#### DATA SHOWN ####
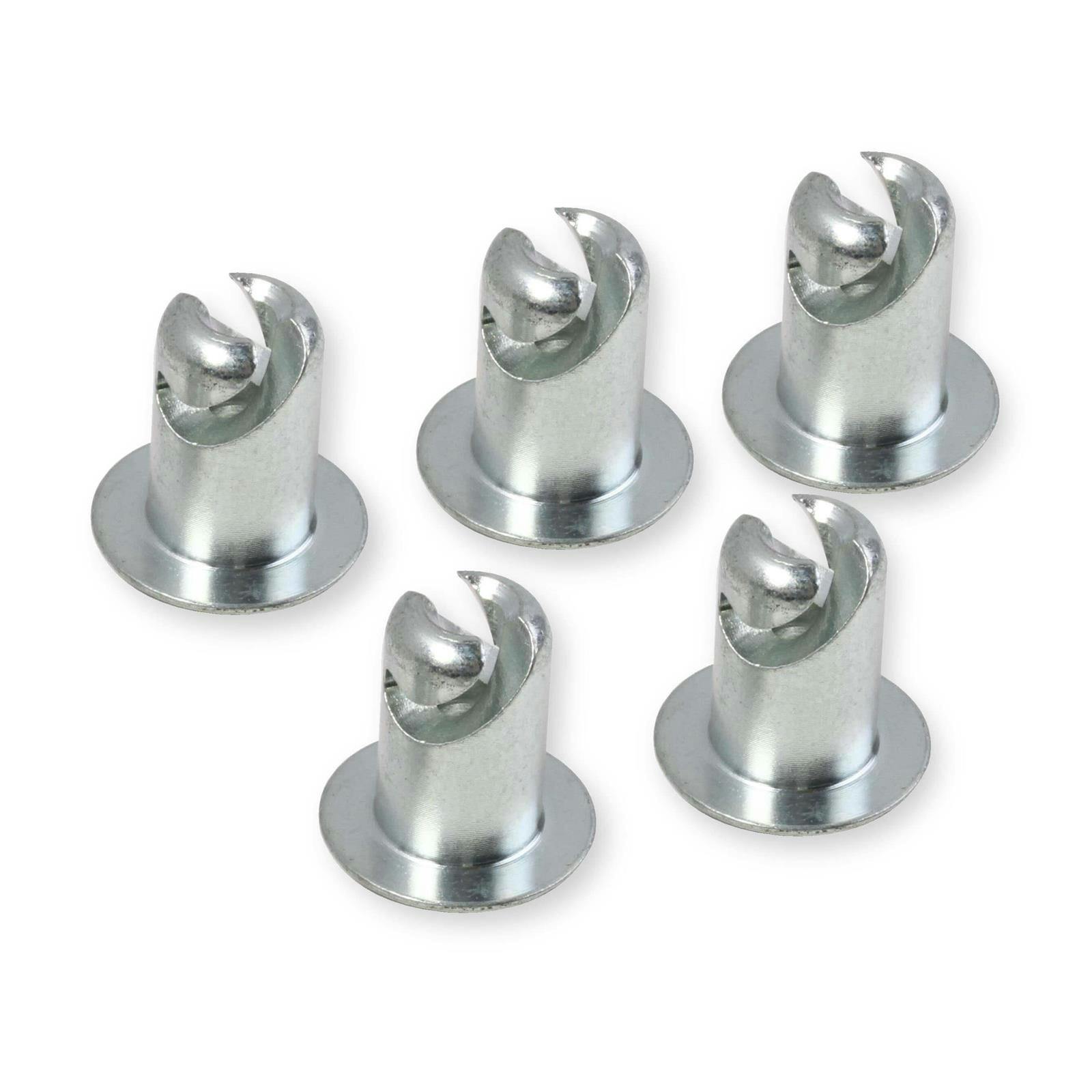 Earls PAN6400-ERL Quarter Turn Fasteners, 7/16 Inch, .400, Oval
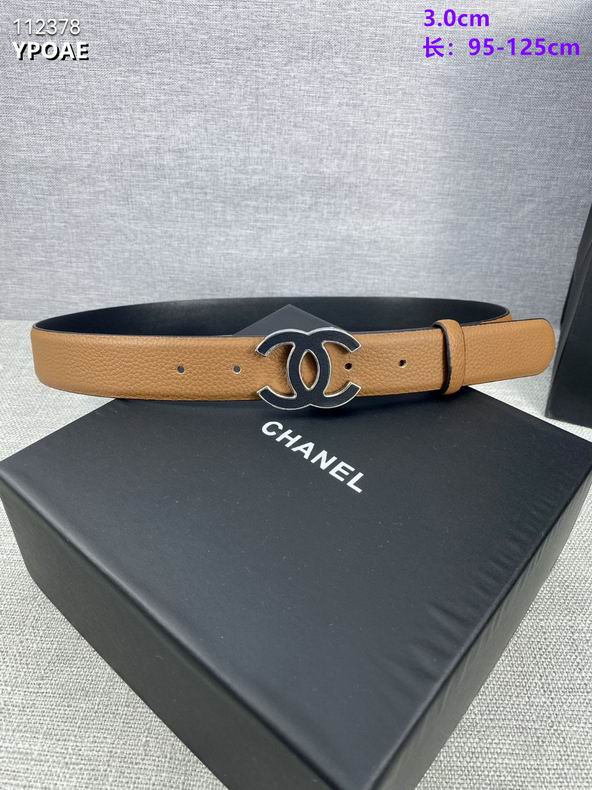 Chanel belt 30mmX95-125cm 8L (4)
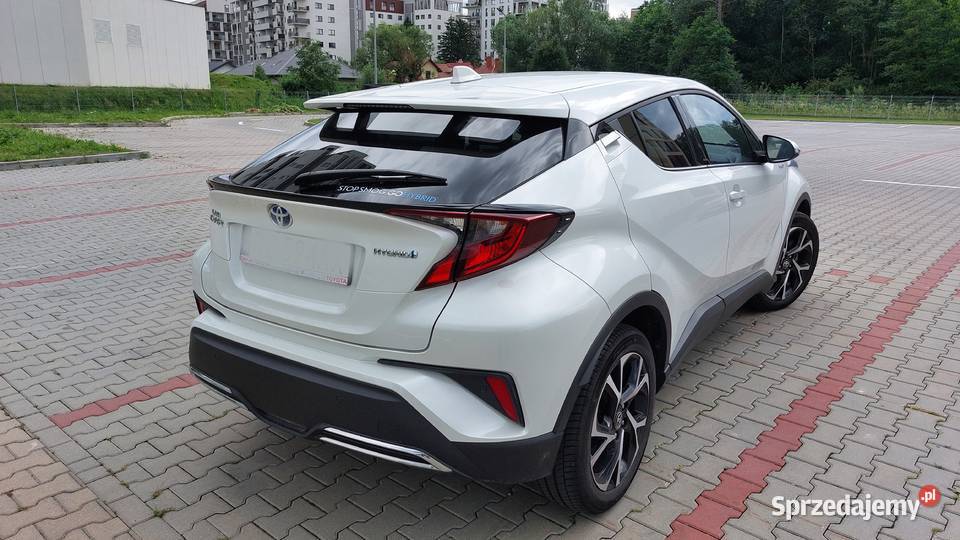 Salon Toyota CHR Style 20 186 gwarancja do podkarpackie Rzeszów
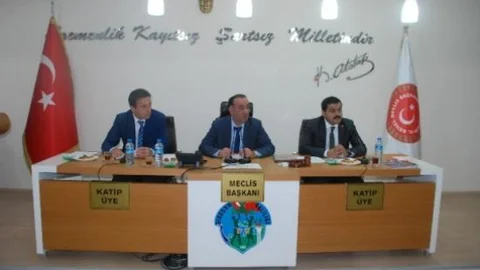 Giresun'u Vuran Fırtına İl Genel Meclisi'nde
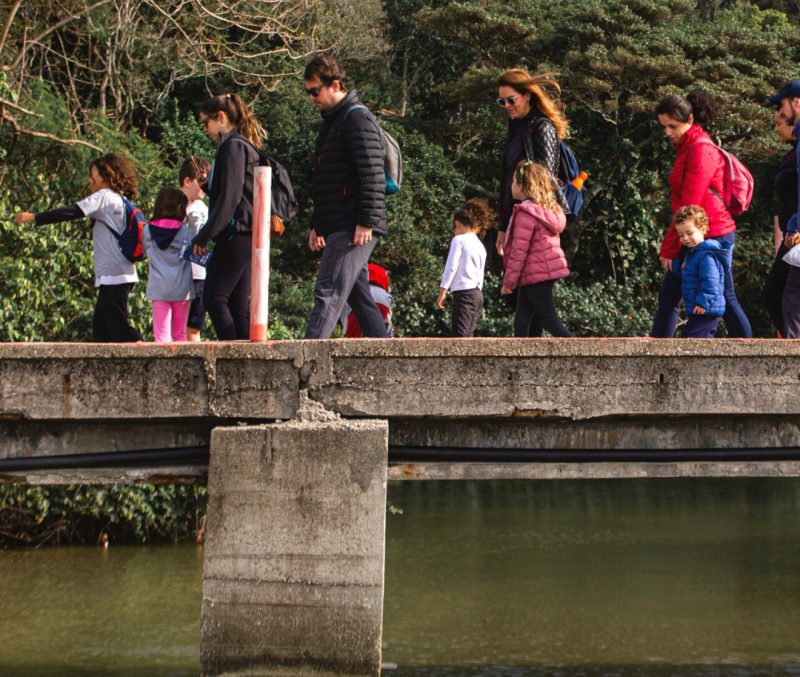 Na Trilha do Saquinho a crian&ccedil;ada se diverte – Foto: Divulga&ccedil;&atilde;o/ND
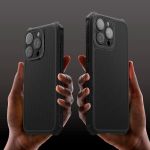 Чехол Elago для iPhone 15 Pro ARMOR silicone (tpu) Черный (MagSafe) - фото 4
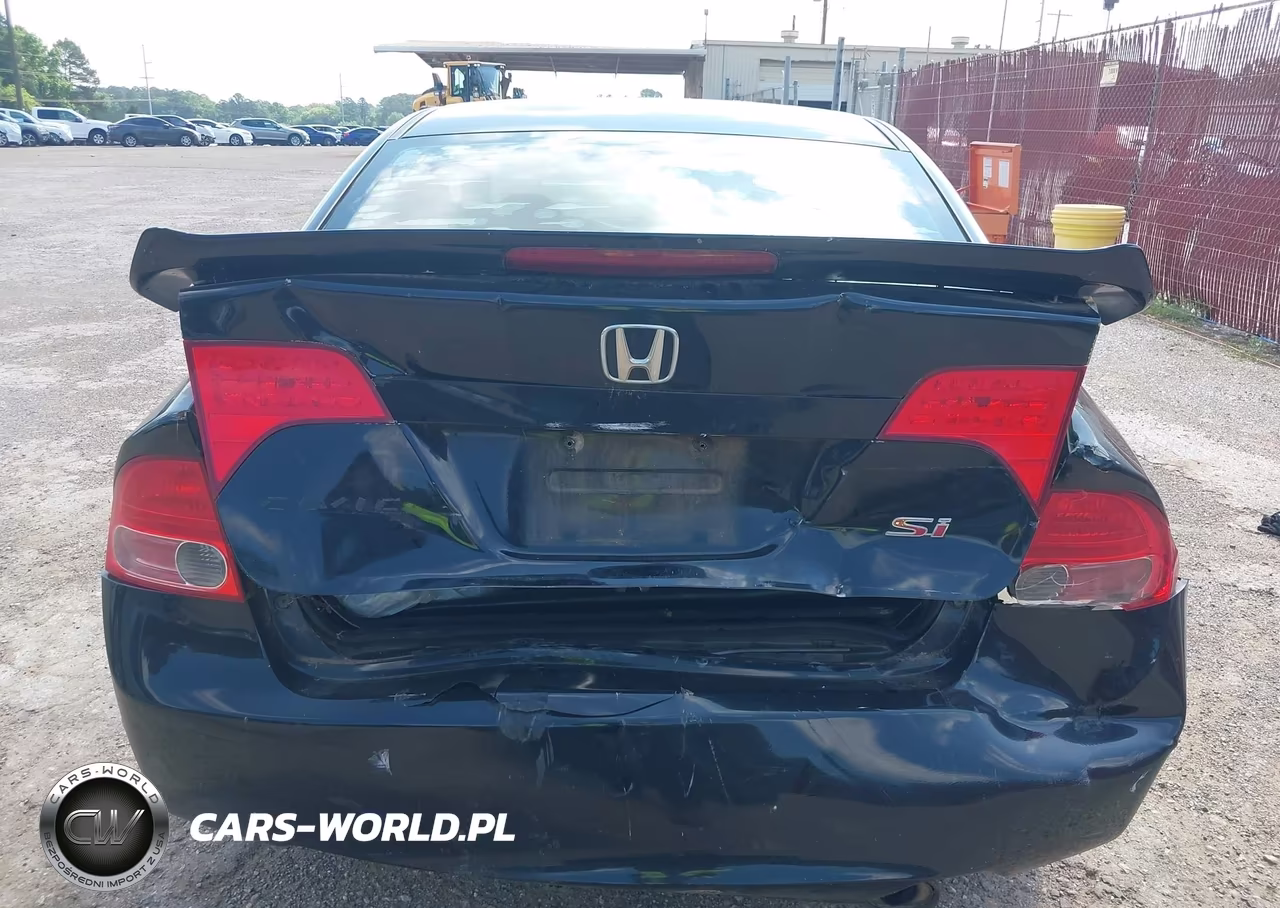 2008 Honda Civic Si-Si Mugen VIN:2HGFA55548H709418 - 6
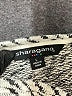 Sharagano Animal Print Silver Cardigan Size L - photo 7
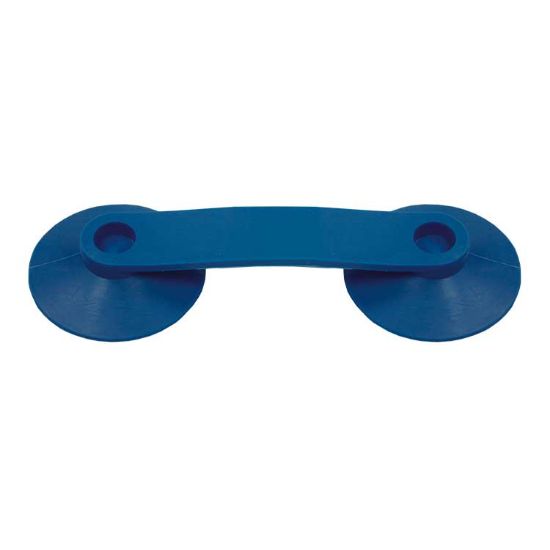 Afbeeldingen van Zuignap 86x16 mm zacht lichtblauw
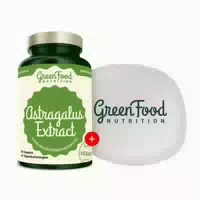 Greenfood Nutrition Astragalus Extract Kapselbehälter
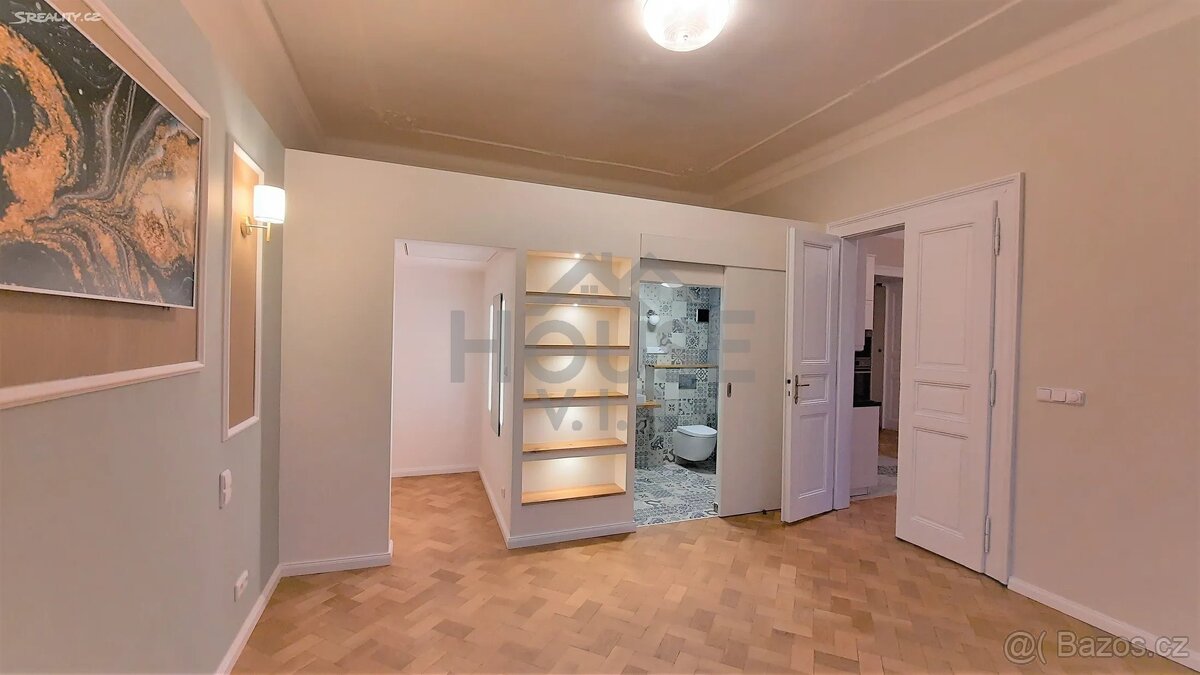 Podnájem bytu 2+kk 56 m² Na Smetance, Praha - Vinohrady - 3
####
» TASK PROMPT:
Working from the records above, reproduce exactly the lines from the one with "Afbeeldingen van Zuignap" through the last line, without the pictures.

» THE COMPLETED TASK:
 Afbeeldingen van Zuignap 86x16 mm zacht lichtblauw
 Greenfood Nutrition Astragalus Extract Kapselbehälter
 Podnájem bytu 2+kk 56 m² Na Smetance, Praha - Vinohrady - 3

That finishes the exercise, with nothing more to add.